Waiting for a Promotion…

Mood Palette
ILLUMINATION
Published in
2 min readAug 17, 2024

Soon, the list of promotions will be released. I’ve been anticipating this moment, but there’s a tiny voice in my head wondering how I’ll react if I don’t get it.

Photo by Jonathan Cosens Photography on Unsplash

Honestly? I feel like I’ve earned this promotion more than some of the others competing for the same role. I’ve put in late nights, skipped parties, and given my all without really worrying about the promotion — until a few days ago.

I worked this hard because I fear disappointing people, which drives me to put in extra hours, ensuring that the tasks assigned to me are completed on time. I didn’t take unnecessary sick leaves and never hesitated to take on challenges.

I know I should have a work-life balance, and I try to maintain a good life outside of work. But… I still put in more effort than needed.
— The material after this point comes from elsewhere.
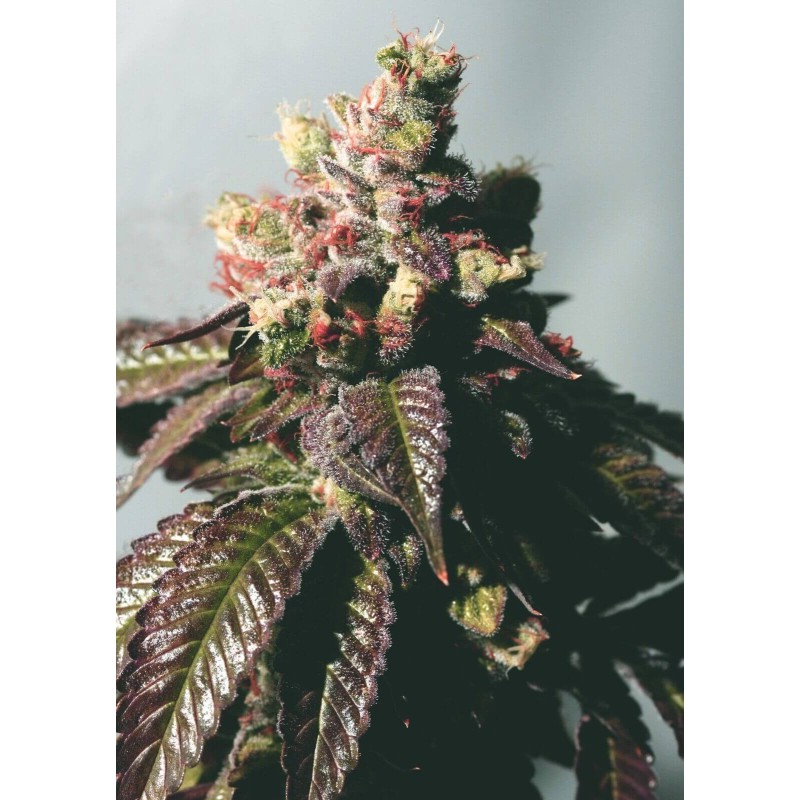 Passion Berry Femminizzata - Cali Connection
Sometimes, maybe because I am a woman among so many men, I fear that if I don’t work hard, my accomplishments will be undermined.

I’ve seen this happen before — the whispers and unfair judgments. “She only got promoted because she’s a girl,” they said as if her hard work and dedication meant nothing. Hearing those dismissive comments pushed me to put in even more hours, to prove beyond a doubt that my accomplishments stand on their own.
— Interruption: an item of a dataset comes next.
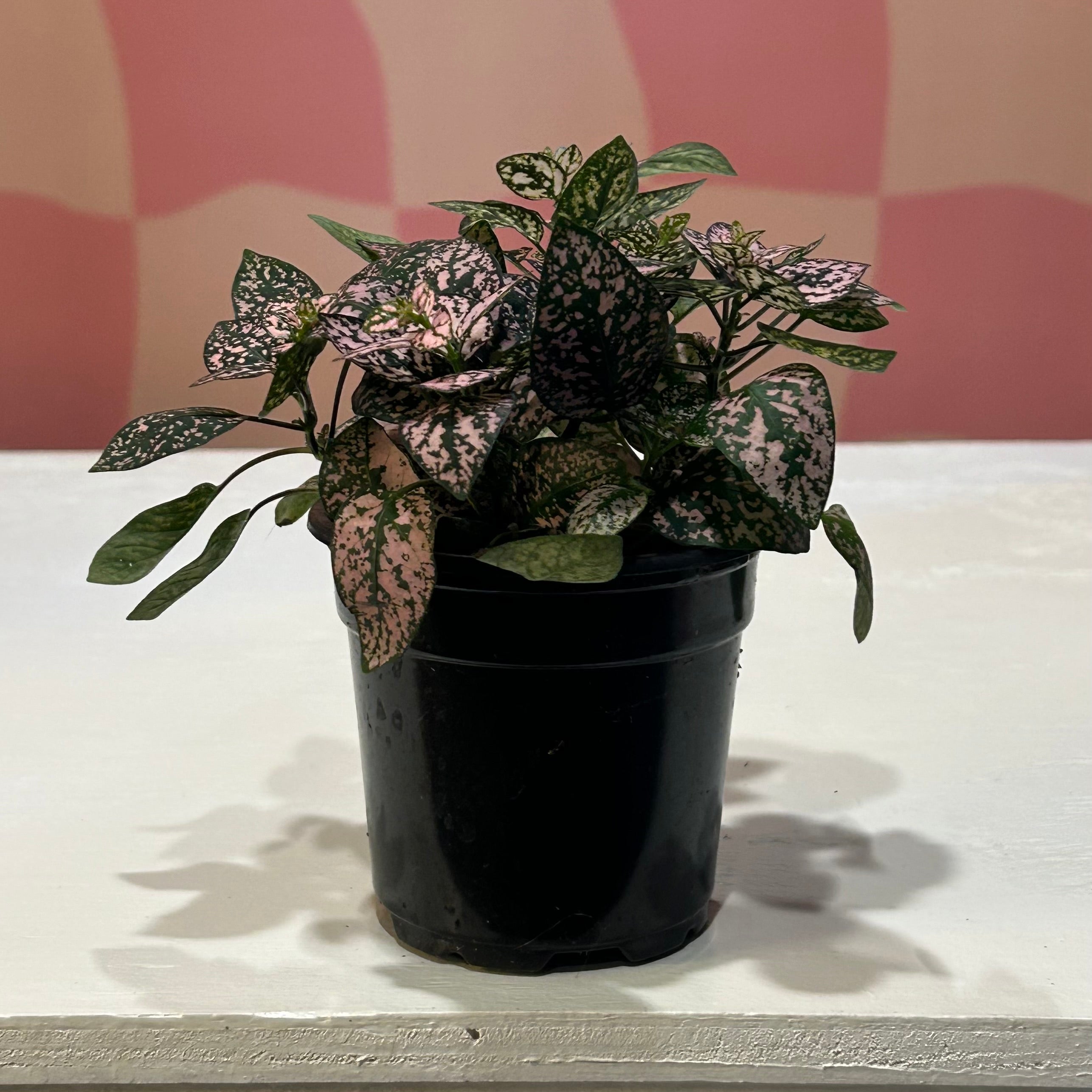 4” Pink Splash (Polka Dot Plant) – Read & Rooted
Now, if I don’t get this promotion, I know I’ll be disappointed. Maybe I’ll judge those who do get it and find reasons why they shouldn’t have. My pettiness will try to protect my emotions, and I just hope I can overcome it without judging myself.

For now, I’m choosing to focus on what I’ve accomplished, letting go of what I can’t control, and trusting that I’ve done my best.